Wednesday, May 11, 2016

Boehner Joins Ornstein and Mann: GOP is Extreme

Ezra Klein describes former GOP House Speaker John Boehner agreeing with Norm Ornstein and Thomas Mann that his party has become an insurgent outlier in American politics on vox.com.

In 2012, the congressional scholars Thomas Mann and Norm Ornstein wrote a column for the Washington Post diagnosing what they saw to be the central problem in modern American politics.

"The GOP has become an insurgent outlier in American politics," they wrote. "It is ideologically extreme; scornful of compromise; unmoved by conventional understanding of facts, evidence and science; and dismissive of the legitimacy of its political opposition.

"When one party moves this far from the mainstream, it makes it nearly impossible for the political system to deal constructively with the country’s challenges."

The op-ed hit like a bomb. Mann and Ornstein were institutionalists with wide respect in both parties — Ornstein, in fact, worked (and still works) for the conservative American Enterprise Institute. For them to call out one party as "the core of the problem" in American governance was to violate all the rules of polite Washington society. Their diagnosis was controversial at the time, to put it lightly.
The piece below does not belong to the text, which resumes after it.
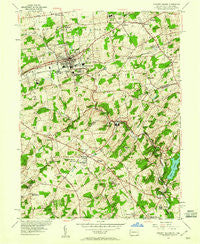 Kennett Square Pennsylvania Historical topographic map, 1:24000 scale, 7.5 X 7.5 Minute, Year 1954
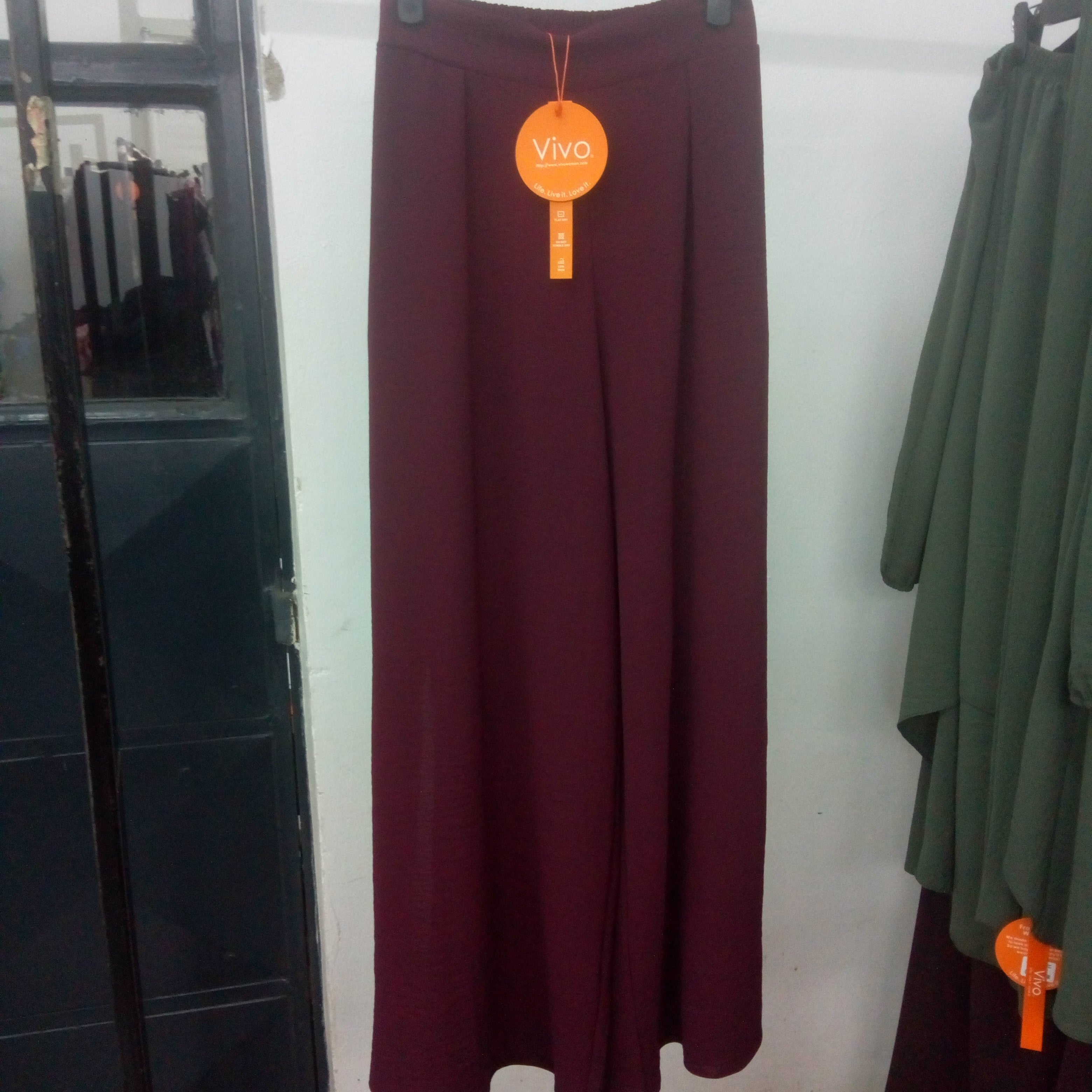 Vivo Dayo High Waist Side Slit Pants - Raspberry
For the most part, Republicans dismissed the critique as motivated by the authors' personal liberalism. "The implicit premise is that Republicans are radical and partisan because they are conservative, and we’d be much better off if we returned to the days when Republicans were content to go in the direction of progressive liberalism, albeit a little bit more slowly," wrote Joseph Postell in the National Review.
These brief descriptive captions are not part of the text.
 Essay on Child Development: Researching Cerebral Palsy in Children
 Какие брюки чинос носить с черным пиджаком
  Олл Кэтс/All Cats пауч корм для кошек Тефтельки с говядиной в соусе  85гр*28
In other words, for a critique like this to really have bite, it would need to come from a true, dyed-in-the-wool Republican. Someone whose loyalty to the party couldn't be questioned. Someone who clearly wanted Republicans to succeed and prosper.

Someone like John Boehner.

He had been one of Newt Gingrich's deputies amidst the 1994 Republican takeover, and he routinely racked up high marks from rightwing watchdogs like the American Conservative Union that tracked whether members of Congress voted in a routinely conservative fashion.

Boehner's most vicious fights with his party's right flank weren't ideological. Like them, he wanted to repeal Obamacare, cut taxes, ban abortion, and voucherize Medicare. The fights, rather, were tactical. He recognized that, without the presidency, Republicans didn't have the power to achieve those goals, and trying to force Obama's hand by shutting down the government or breaching the debt ceiling was likely to backfire. If Republicans were going to get anything done, they would need to compromise with Democrats — and it was that belief, more than any other, that offended Boehner's critics.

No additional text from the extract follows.